▶ TASK DETAILS: Write out the entire listing below exactly as it appears, minus any pictures.

▶ SOURCE DATA:
=====

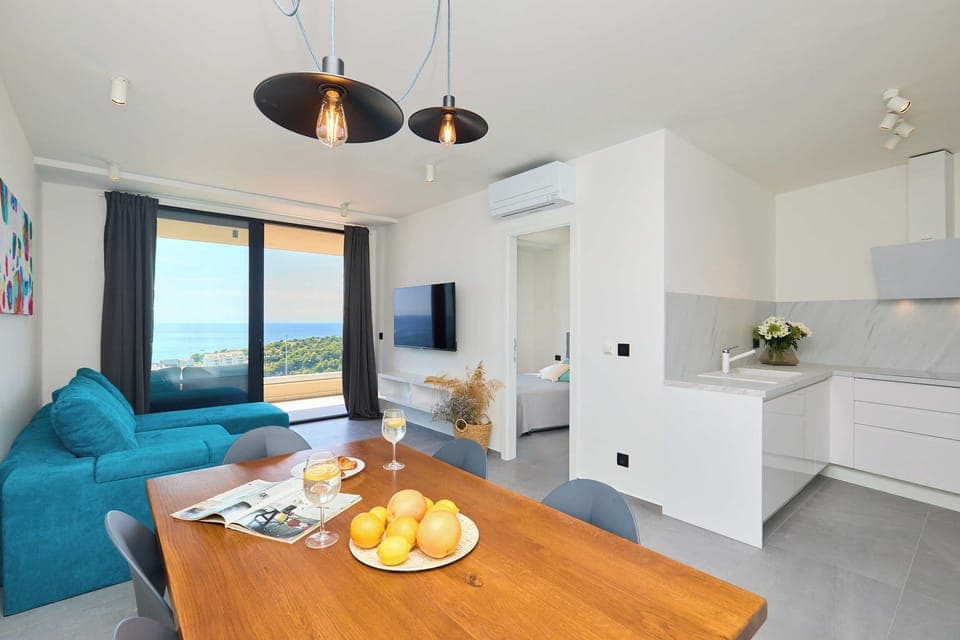 Living / dining area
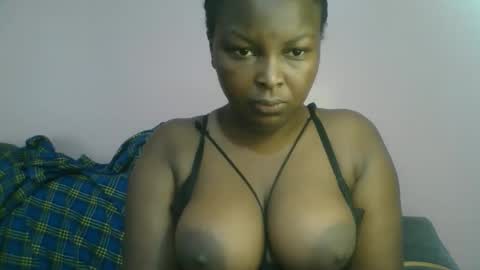 naughti_garlie online show from November 16, 8:27 am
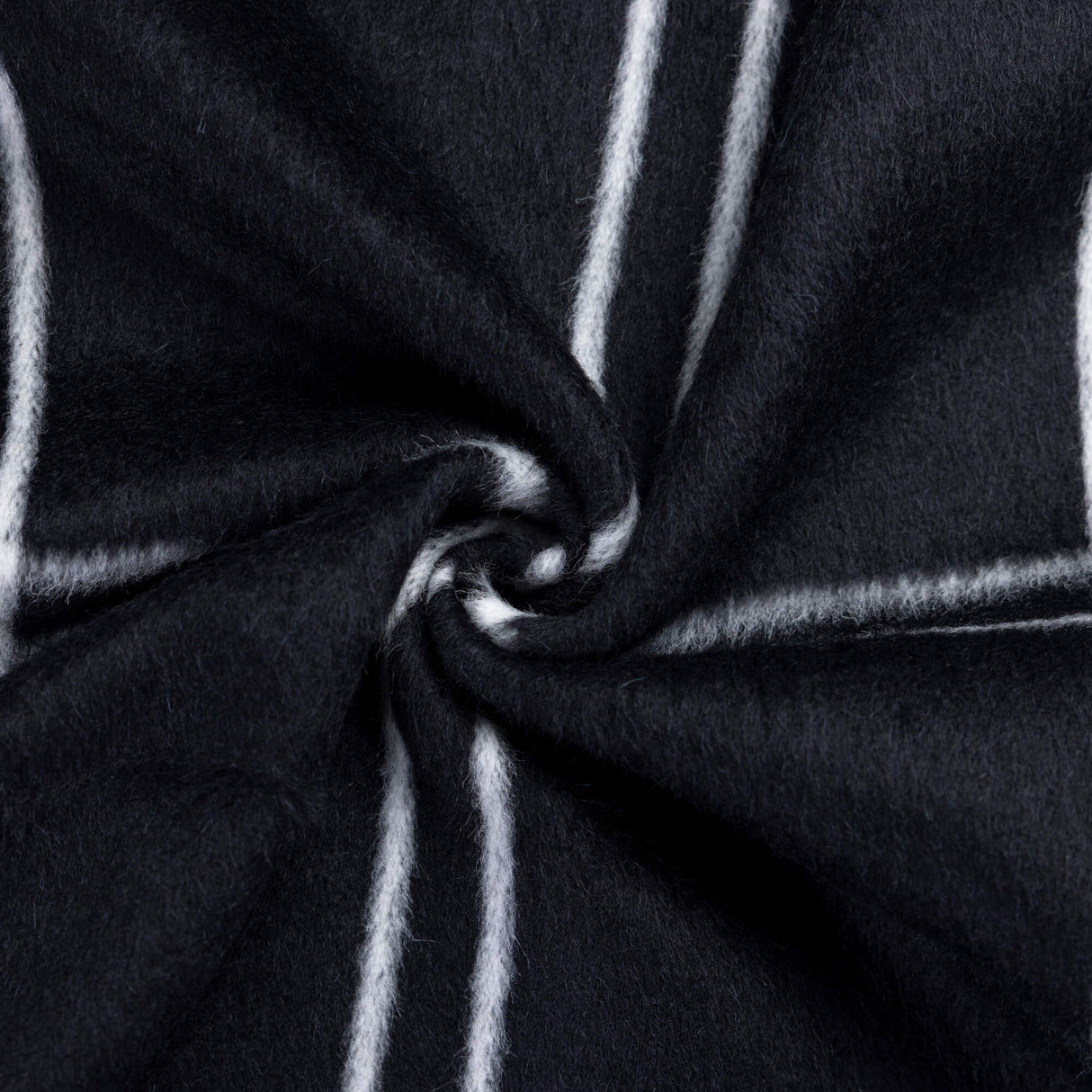 Drap de laine vierge & alpaga brossé – Carreaux blancs fond noir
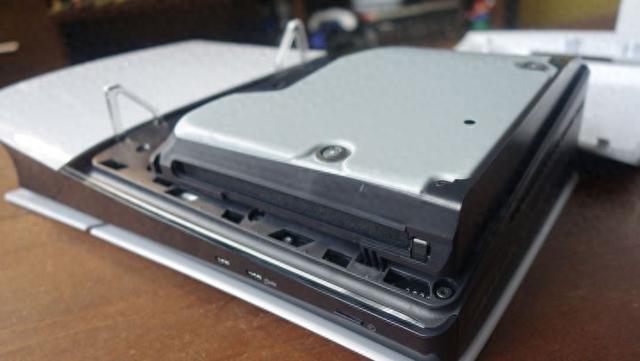 索尼PS5评测：更薄的设计让这款主机更出色-1.jpg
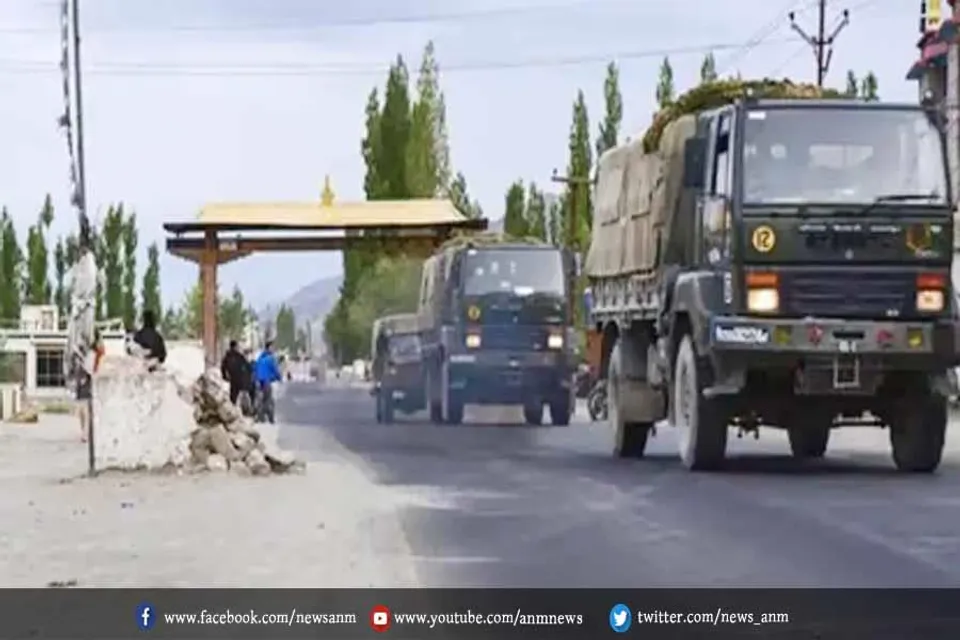 सड़क हादसे में 7 जवान शहीद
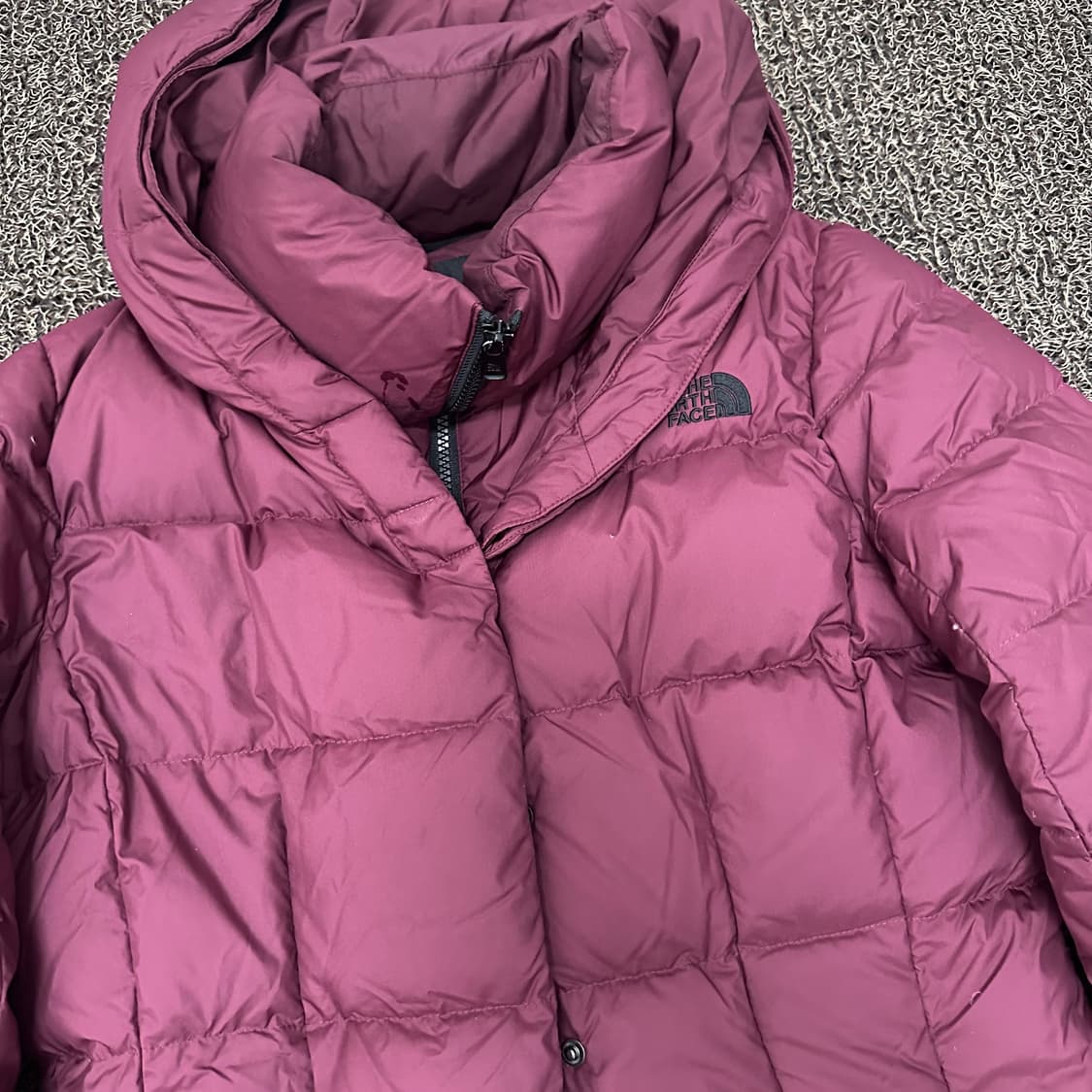 노스페이스 구스다운 여성 롱 패딩 버건디 90(M) 상품이미지3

=====

▶ ANSWER AREA:
 Living / dining area
 naughti_garlie online show from November 16, 8:27 am
 Drap de laine vierge & alpaga brossé – Carreaux blancs fond noir
 索尼PS5评测：更薄的设计让这款主机更出色-1.jpg
 सड़क हादसे में 7 जवान शहीद
 노스페이스 구스다운 여성 롱 패딩 버건디 90(M) 상품이미지3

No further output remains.